To reduce on blind spots, companies should always ask themselves, “what if we are wrong?” This is because the future will not always look like the present. Scenario planning, war-gaming exercises and other methods that can help identify hidden risks. Organizations should thus foster creative thinking while guarding against group think.
Risk analysis begins by organizations answering three questions: How do they get information about the political risk they face? How can they ensure rigorous analysis? How can they integrate political risks into business decisions?
Organizations need to look for good information to find it. Because “analysis is how we try not to fool ourselves”; good risk analysis challenges assumptions and mental models about how risk might unfold and how to get prepared. Rigorous risk analysis is conducted by determining the most vulnerable and most valuable assets. The more these assets converge, the greater the organization’s political risk. Lastly, although only 25% of business executives integrate risk analysis into a formal process (McKinsey global survey 2016), this should be a standard practice rather than an exception. Risk analysis is therefore a “boat spotting” activity that prevents the organization from “missing the boat” and significantly improves its decision making process. Analysis of social media comments and online search trends about the company can be used to understand potential political risks.
The three key questions to support risk mitigation are: How can organizations reduce exposure to the risks they have identified? Does the organization have a good system in place for timely warning and action? How can the organization limit damage when something bad happens?
Risk mitigation could be done through dispersing key assets, creating a surge capacity and slack in the supply chain and working with others in the industry to share political risk assessment and mitigation strategies.

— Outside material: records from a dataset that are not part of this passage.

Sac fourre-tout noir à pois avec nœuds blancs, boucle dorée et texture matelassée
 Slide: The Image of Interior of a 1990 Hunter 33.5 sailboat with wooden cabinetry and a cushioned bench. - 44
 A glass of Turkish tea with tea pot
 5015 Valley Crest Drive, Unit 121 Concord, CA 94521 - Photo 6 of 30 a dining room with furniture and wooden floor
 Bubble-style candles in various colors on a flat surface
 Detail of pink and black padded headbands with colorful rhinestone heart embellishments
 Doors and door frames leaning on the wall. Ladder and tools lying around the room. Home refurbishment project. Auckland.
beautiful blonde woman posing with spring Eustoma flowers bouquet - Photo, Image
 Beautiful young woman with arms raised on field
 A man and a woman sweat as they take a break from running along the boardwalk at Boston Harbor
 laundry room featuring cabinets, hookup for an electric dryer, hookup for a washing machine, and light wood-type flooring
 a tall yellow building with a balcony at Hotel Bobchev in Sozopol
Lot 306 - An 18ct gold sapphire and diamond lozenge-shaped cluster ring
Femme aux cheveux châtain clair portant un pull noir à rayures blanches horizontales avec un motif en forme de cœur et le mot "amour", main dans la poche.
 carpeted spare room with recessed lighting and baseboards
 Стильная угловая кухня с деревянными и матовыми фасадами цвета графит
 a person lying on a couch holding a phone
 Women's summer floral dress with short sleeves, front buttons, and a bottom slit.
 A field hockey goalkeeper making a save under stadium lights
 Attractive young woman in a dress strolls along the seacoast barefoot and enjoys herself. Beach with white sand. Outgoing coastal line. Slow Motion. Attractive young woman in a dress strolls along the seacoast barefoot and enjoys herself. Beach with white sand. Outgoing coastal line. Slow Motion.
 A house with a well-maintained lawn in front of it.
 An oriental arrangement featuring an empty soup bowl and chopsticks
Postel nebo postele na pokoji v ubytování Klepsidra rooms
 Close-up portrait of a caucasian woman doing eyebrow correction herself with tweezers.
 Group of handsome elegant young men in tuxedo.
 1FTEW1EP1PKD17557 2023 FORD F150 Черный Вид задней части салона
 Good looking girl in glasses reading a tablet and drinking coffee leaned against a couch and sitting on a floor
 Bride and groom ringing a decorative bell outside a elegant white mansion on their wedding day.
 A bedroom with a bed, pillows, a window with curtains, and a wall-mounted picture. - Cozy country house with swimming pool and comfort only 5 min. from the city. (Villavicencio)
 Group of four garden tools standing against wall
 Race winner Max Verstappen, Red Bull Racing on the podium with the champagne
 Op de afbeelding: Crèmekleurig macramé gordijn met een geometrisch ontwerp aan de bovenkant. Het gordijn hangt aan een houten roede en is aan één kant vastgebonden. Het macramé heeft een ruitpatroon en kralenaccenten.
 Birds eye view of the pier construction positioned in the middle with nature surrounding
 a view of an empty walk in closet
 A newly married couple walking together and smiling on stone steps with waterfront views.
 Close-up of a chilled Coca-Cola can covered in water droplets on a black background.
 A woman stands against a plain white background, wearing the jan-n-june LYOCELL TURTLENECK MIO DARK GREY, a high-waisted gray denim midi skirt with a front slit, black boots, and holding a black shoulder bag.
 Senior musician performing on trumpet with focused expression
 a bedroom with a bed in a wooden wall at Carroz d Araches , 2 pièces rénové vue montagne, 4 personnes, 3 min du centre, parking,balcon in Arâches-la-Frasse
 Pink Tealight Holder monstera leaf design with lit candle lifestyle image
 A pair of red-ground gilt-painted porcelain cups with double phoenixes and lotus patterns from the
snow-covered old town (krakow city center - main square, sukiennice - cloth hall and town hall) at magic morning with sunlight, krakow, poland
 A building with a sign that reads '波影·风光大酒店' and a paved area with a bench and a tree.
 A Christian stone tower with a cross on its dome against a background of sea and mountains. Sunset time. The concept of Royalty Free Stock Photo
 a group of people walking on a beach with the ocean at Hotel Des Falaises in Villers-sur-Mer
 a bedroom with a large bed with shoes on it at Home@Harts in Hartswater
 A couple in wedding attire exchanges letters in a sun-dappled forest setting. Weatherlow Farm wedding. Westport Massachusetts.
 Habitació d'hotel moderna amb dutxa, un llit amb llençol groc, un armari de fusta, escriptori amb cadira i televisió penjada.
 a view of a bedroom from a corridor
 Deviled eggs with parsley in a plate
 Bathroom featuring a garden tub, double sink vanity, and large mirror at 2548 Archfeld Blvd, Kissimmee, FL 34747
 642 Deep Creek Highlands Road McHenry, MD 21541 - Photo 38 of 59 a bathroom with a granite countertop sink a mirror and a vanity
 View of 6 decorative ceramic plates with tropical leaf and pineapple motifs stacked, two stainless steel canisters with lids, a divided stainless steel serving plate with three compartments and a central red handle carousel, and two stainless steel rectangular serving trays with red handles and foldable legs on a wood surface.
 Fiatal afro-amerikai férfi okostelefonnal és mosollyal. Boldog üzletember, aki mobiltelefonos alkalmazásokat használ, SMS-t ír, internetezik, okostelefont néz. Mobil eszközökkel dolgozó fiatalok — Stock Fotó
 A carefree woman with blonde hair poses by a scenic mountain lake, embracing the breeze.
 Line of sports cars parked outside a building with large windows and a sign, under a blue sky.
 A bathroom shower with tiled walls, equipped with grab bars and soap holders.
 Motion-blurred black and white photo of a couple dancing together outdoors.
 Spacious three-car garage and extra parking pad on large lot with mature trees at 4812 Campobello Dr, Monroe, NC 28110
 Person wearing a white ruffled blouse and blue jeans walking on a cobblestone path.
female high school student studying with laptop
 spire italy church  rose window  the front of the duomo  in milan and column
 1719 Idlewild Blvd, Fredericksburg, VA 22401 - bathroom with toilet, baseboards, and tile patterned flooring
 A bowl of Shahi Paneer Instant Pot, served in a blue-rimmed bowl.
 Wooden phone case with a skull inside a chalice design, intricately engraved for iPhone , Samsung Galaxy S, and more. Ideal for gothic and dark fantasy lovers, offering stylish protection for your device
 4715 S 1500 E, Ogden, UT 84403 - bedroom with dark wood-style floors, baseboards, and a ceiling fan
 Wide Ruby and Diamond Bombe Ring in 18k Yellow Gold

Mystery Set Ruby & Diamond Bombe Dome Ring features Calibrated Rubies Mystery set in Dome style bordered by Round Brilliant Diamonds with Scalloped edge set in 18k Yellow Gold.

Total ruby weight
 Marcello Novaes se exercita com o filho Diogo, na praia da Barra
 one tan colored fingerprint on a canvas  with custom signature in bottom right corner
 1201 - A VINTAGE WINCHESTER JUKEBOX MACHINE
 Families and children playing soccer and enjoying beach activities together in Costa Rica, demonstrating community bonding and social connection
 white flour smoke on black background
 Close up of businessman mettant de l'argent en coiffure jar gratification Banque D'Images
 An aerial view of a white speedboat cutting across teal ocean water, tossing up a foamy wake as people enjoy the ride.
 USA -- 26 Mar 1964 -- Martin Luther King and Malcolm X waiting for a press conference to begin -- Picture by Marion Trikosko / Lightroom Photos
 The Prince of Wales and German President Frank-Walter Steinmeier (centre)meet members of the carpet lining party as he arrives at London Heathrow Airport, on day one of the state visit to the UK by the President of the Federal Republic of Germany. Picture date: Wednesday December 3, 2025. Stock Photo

Is the organization capitalizing on near misses? Despite the fact that all organizations want to learn from failure, few organizations learn from incidences that could have ended badly (near misses). These near misses could be signs of system vulnerabilities.
Is the organization reacting effectively to crises? The five steps of global crisis management are: assessing the situation, activating a response team, leading with values, telling your story honestly and not fanning the flames. The multiple audiences during crisis response often affect each other. These audiences could include: journalists, activists, elected officials, federal regulators and law enforcement agencies. These audiences could further generate new risks and make the situation worse. Organizations should thus manage the dynamic among the interested parties.
Is it developing mechanisms for continuous learning? The best crisis response systems institute feedback loops for learning before disasters strike. This lowers the odds that a crisis will occur and further improve the response in the event one does. A case in point is how elite football team coaches review game tapes, make midgame adjustments and reshuffle the lineups for better matches. It should be noted that organizational performance will either get better or worse, but not stay the same. Organizations should therefore assess what to keep doing, what to stop doing and what to start doing. They should also identify inspirational approaches to motivate everyone along the journey.
Because it is not possible to foresee political risk, management teams should not rely on pure guesswork. The four framework steps could thus guide political risk management activities by businesses. These effective organizations take political risks seriously, approach it systematically with humility and lead from the top. Chandarana foodplus could either adopt an in-house risk management team, outsource risk management services or use a hybrid system to learn from this marketing goof and prevent future recurrence.